_WORK INSTRUCTIONS:_ Leave out the pictures and output exactly the lines below from the one with "Vintage Coleman 530" down to the one with "2022 Ford F-350 Super Duty Lariat", both of them included.

+++ RECORDS FOR THIS EXERCISE +++

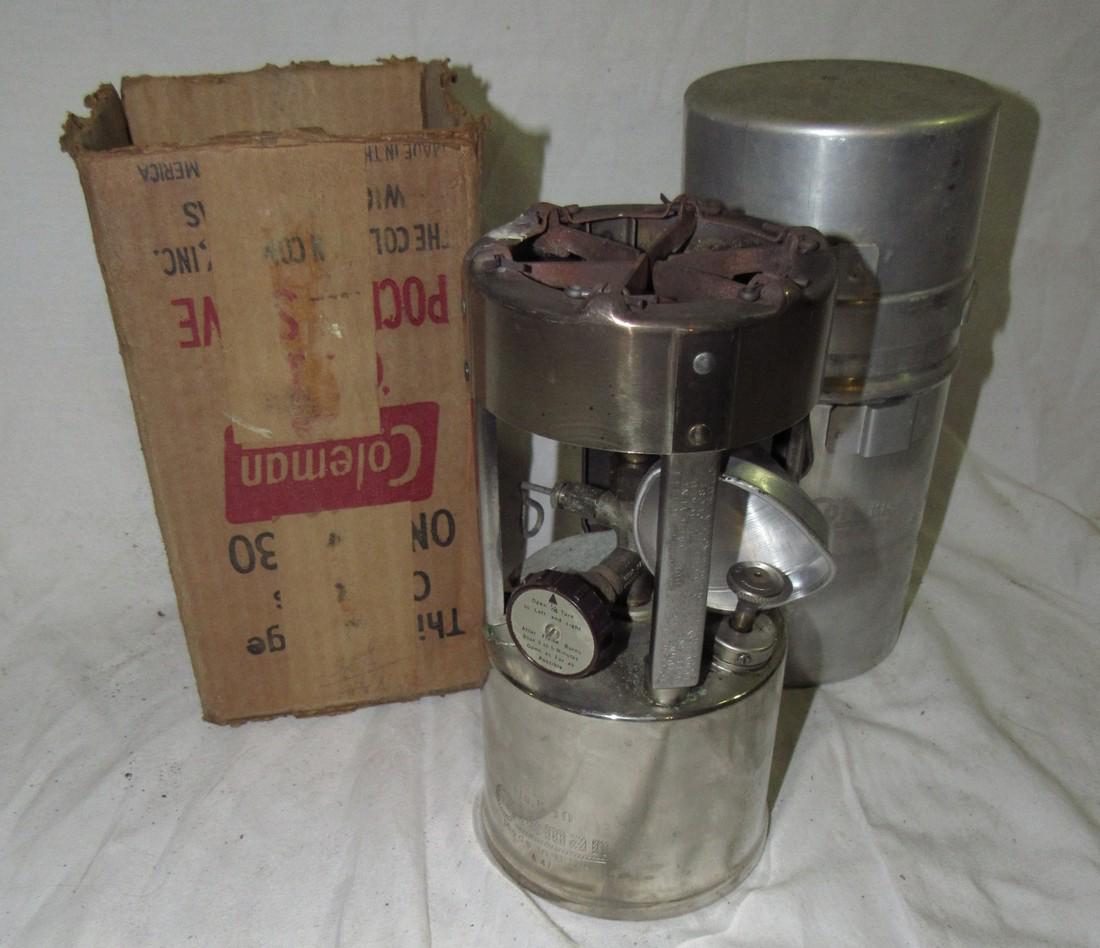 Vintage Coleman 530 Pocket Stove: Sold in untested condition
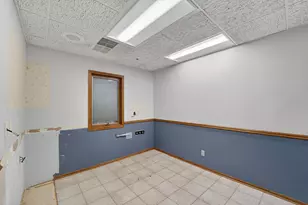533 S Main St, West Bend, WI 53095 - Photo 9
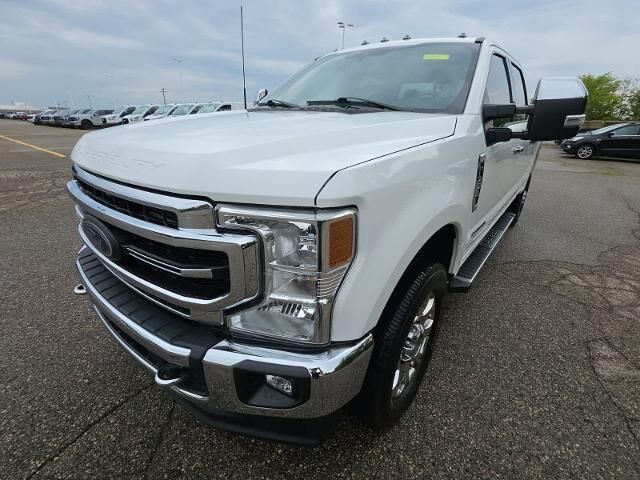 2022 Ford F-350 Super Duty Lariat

+++
+++ RECORDS FOR THIS EXERCISE +++

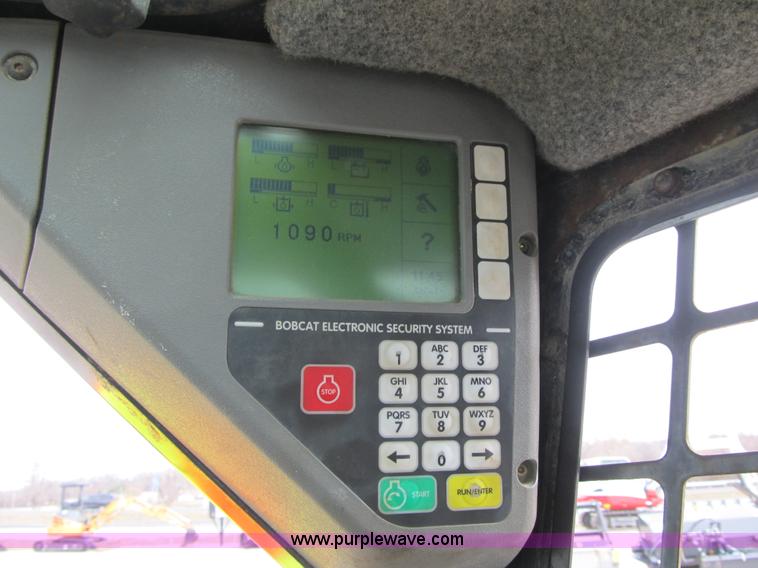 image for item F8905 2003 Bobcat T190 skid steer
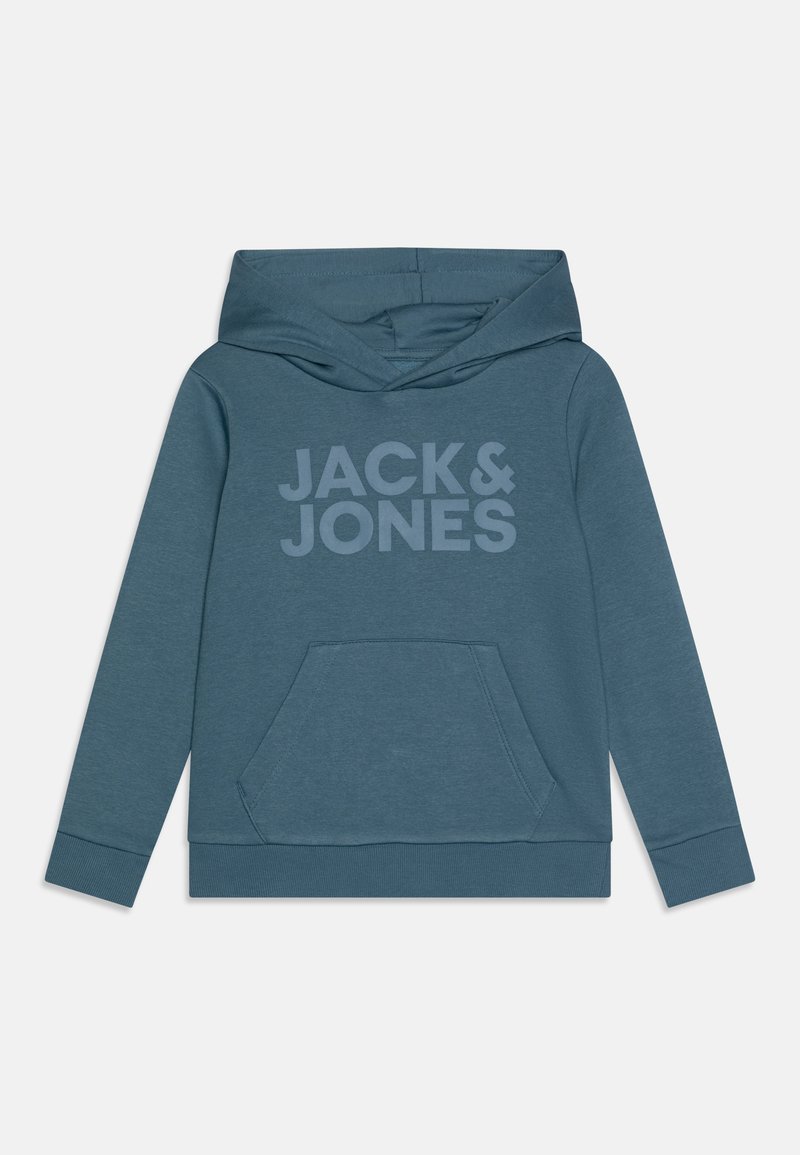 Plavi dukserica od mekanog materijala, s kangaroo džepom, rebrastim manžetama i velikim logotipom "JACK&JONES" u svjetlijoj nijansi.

+++

_RESPONSE TO THIS TASK:_
 Vintage Coleman 530 Pocket Stove: Sold in untested condition
533 S Main St, West Bend, WI 53095 - Photo 9
 2022 Ford F-350 Super Duty Lariat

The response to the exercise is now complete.